The course will illustrate the principles of hands-on data analytics through several case studies (10 such studies). On each topic, we will introduce a scientific question and discuss why it should be addressed. Next, we will present the available data, how it was collected, etc. We will then discuss models, provide analyses, and finally touch upon how to address the scientific question using the analyses.
In one of the previous offerings, we covered the following case studies.
- Astronomy: From Tycho Brahe's observations to the conclusion that Mars moves in an elliptical orbit.
- Visual Neuroscience: Neural correlates predict search difficulty.

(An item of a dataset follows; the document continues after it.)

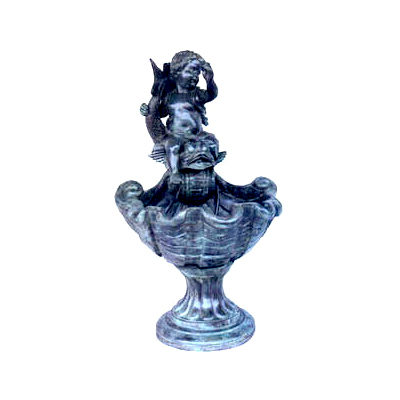 SRB43246 Bronze Cupid & Fish Shell Fountain Metropolitan Galleries Inc.
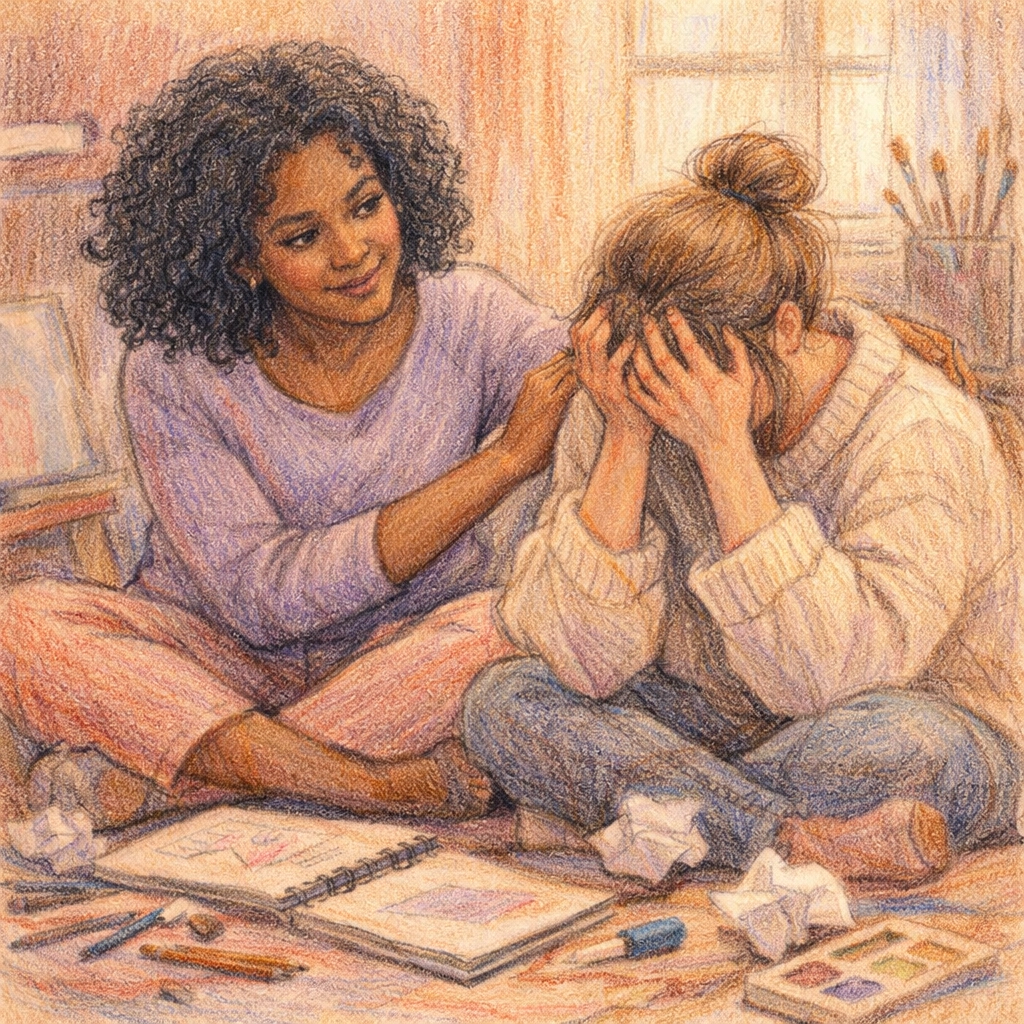 Coach supporting creative woman struggling with inner critic and creative block in art studio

- Genomics: Understanding the causes of cancer.
- Sports: The Duckworth-Lewis-Stern method for setting targets in shortened limited overs cricket matches.
- Genomics: The basis for red-green colour blindness.
- Genomics: Population history of India.
- Signal Processing: Video background separation.
- Networks: Community detection.
- Recommendation systems.
Prerequisites
- Random Processes (E2 202) OR Probability and Statistics (E0 232) OR equivalent.
Course Grade
There will be about seven assignments, one on each of the first seven modules. A fair amount of hands-on work is expected. Students will use Python.
- 50/100 : Assignments
- 20/100 : Final examination
- 30/100 : Course project and presentation
Reference Texts
- There is no text book for this course. Slides of lectures will be available on the Moodle page (2023) or from here (previous years).